Task objective:
Below are entries with pictures in them. Output exactly the lines starting at the line with "Poziv za dost ponuda engleski" and ending at the line with "Brass Star Pendant Necklace NJEW-JN04315-1", both included, but not the pictures.

Material to process:
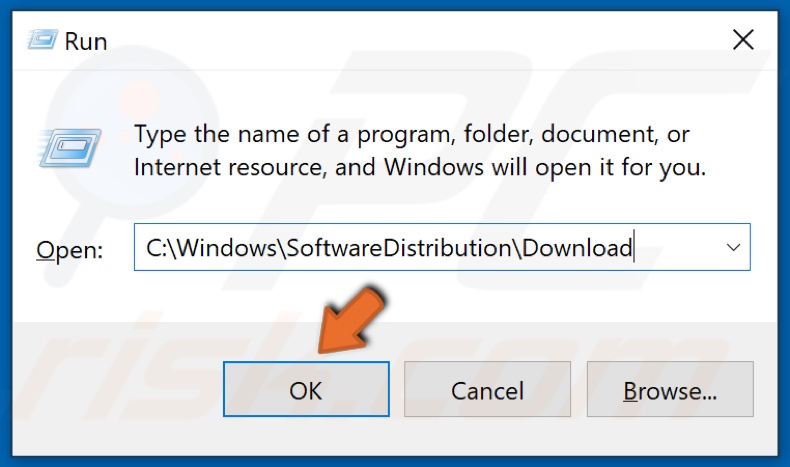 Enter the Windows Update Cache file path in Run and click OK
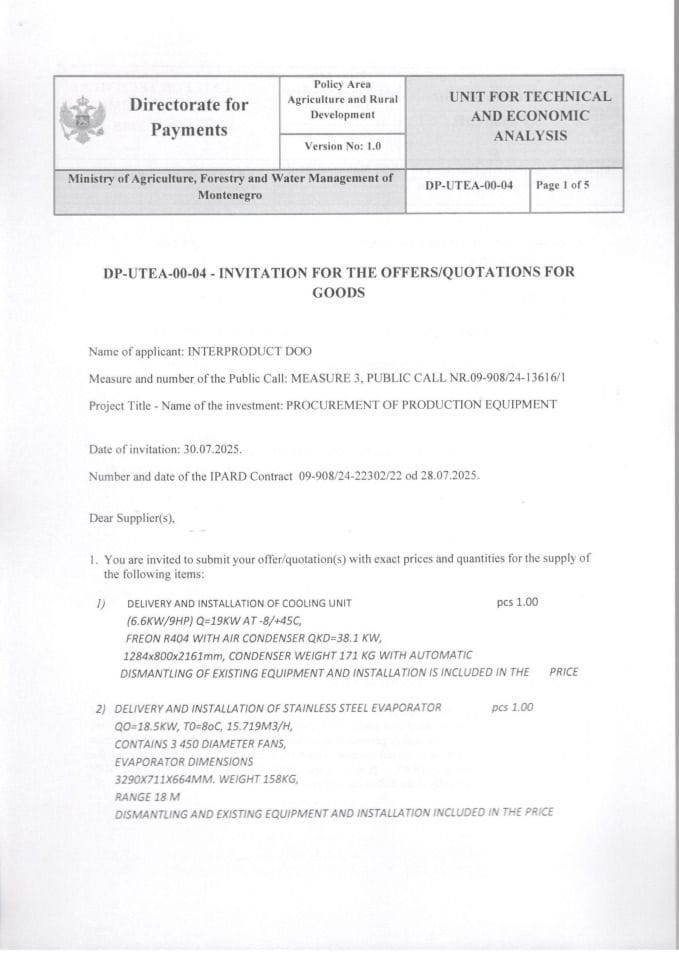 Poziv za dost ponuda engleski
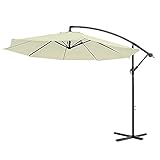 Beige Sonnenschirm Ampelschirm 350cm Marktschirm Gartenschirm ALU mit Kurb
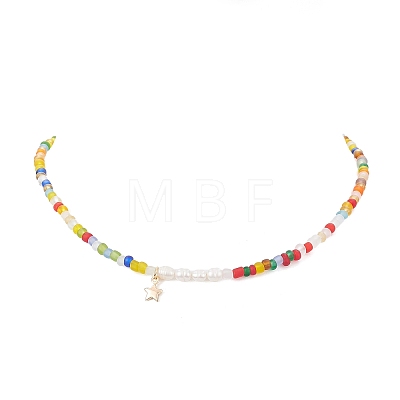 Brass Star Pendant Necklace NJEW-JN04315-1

* * *

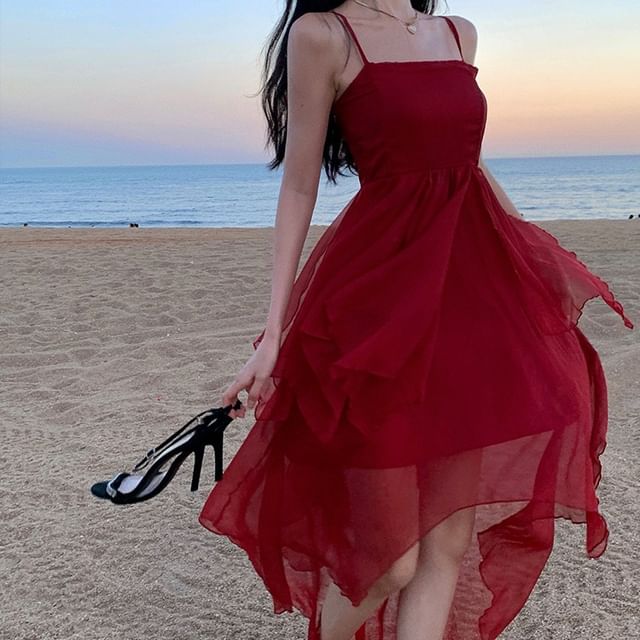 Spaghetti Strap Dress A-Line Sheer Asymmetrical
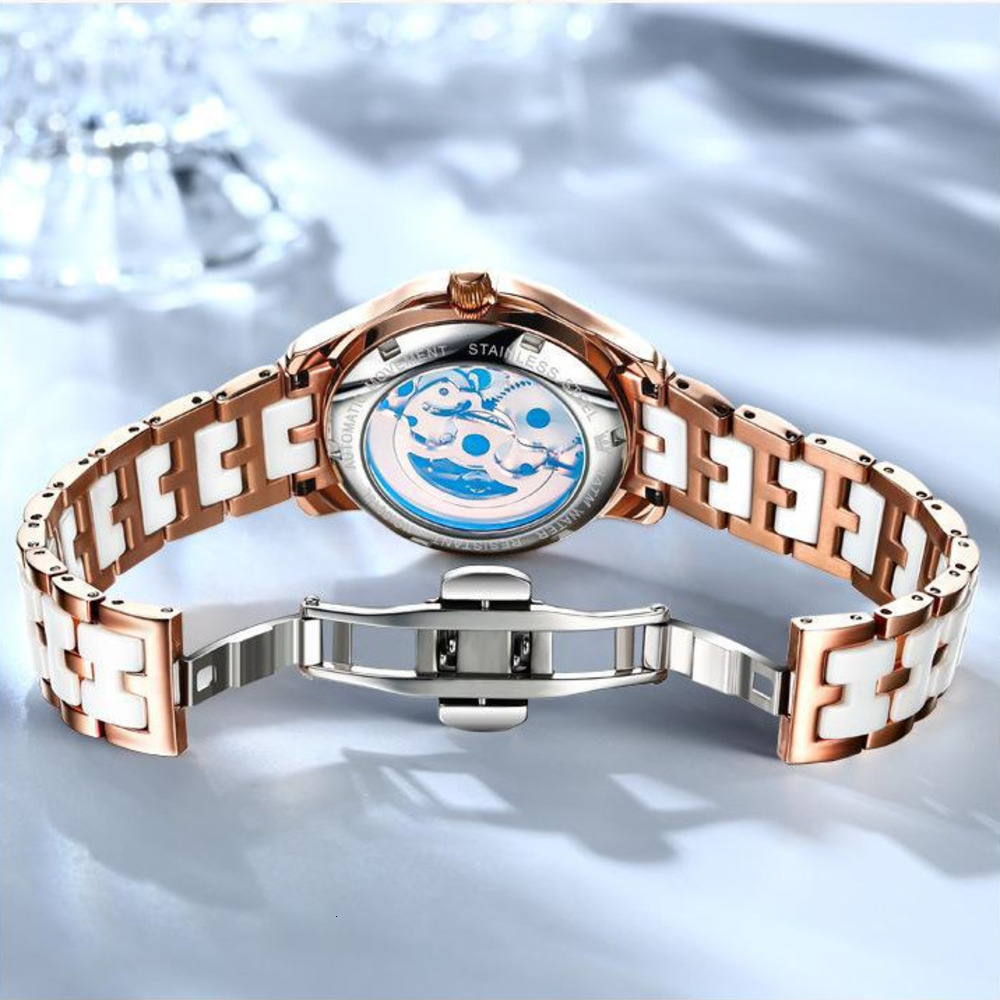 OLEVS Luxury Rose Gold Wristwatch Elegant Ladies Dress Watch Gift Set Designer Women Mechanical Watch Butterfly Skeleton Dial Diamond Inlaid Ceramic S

...

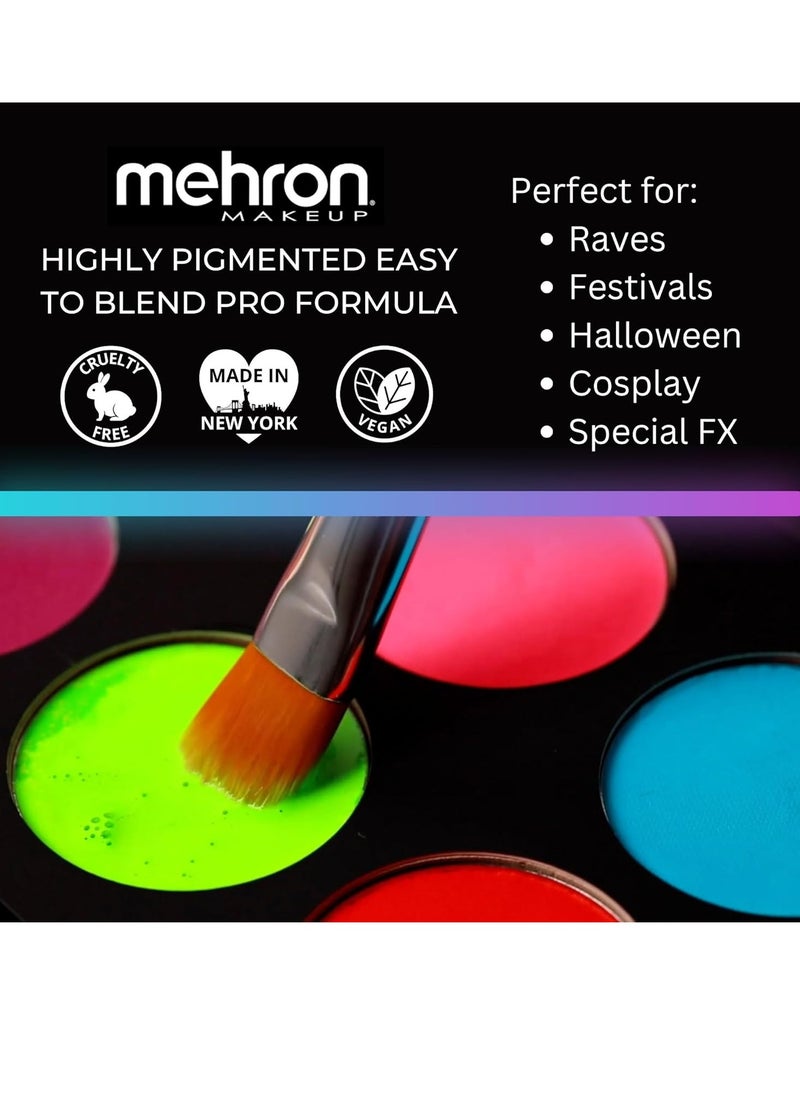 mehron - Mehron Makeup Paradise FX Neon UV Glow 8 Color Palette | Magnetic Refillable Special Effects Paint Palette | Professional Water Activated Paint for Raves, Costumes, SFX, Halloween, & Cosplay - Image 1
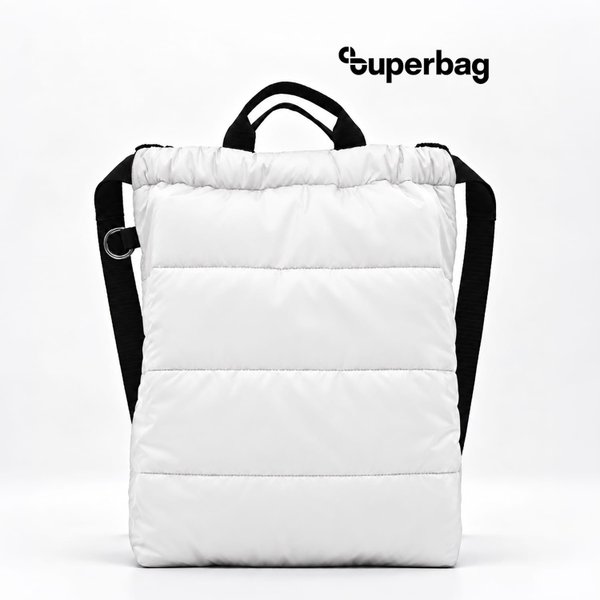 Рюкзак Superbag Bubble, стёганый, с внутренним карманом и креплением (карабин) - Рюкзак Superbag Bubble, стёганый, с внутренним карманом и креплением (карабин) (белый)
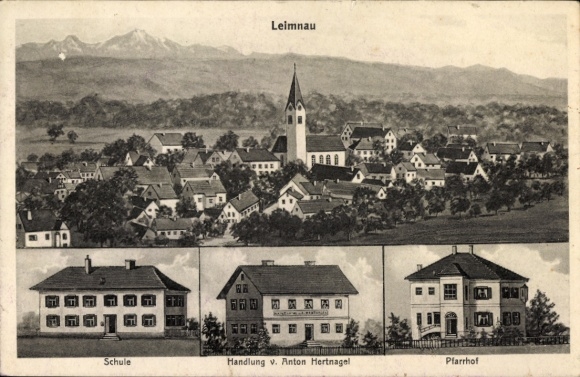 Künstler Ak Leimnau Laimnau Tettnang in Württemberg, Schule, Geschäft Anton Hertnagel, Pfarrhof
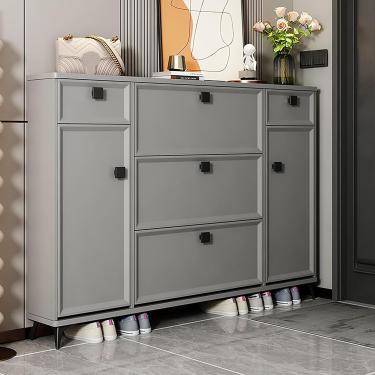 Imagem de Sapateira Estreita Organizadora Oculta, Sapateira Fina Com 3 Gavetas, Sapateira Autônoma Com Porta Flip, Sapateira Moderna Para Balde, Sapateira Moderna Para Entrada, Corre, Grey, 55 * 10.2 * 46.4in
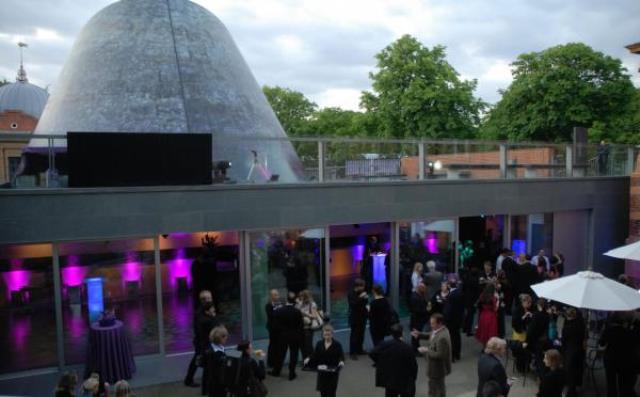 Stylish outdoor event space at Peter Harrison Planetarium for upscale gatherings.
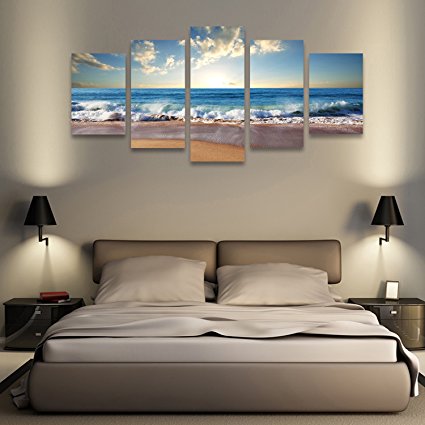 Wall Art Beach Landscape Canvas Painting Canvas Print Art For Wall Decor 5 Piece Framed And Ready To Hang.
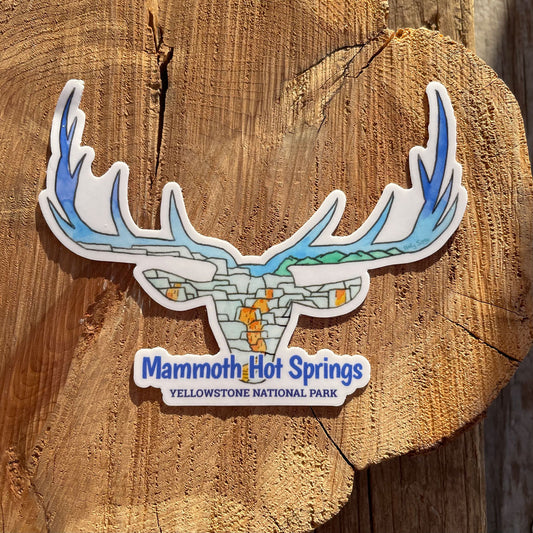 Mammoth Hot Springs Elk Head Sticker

Result:
 Poziv za dost ponuda engleski
 Beige Sonnenschirm Ampelschirm 350cm Marktschirm Gartenschirm ALU mit Kurb
 Brass Star Pendant Necklace NJEW-JN04315-1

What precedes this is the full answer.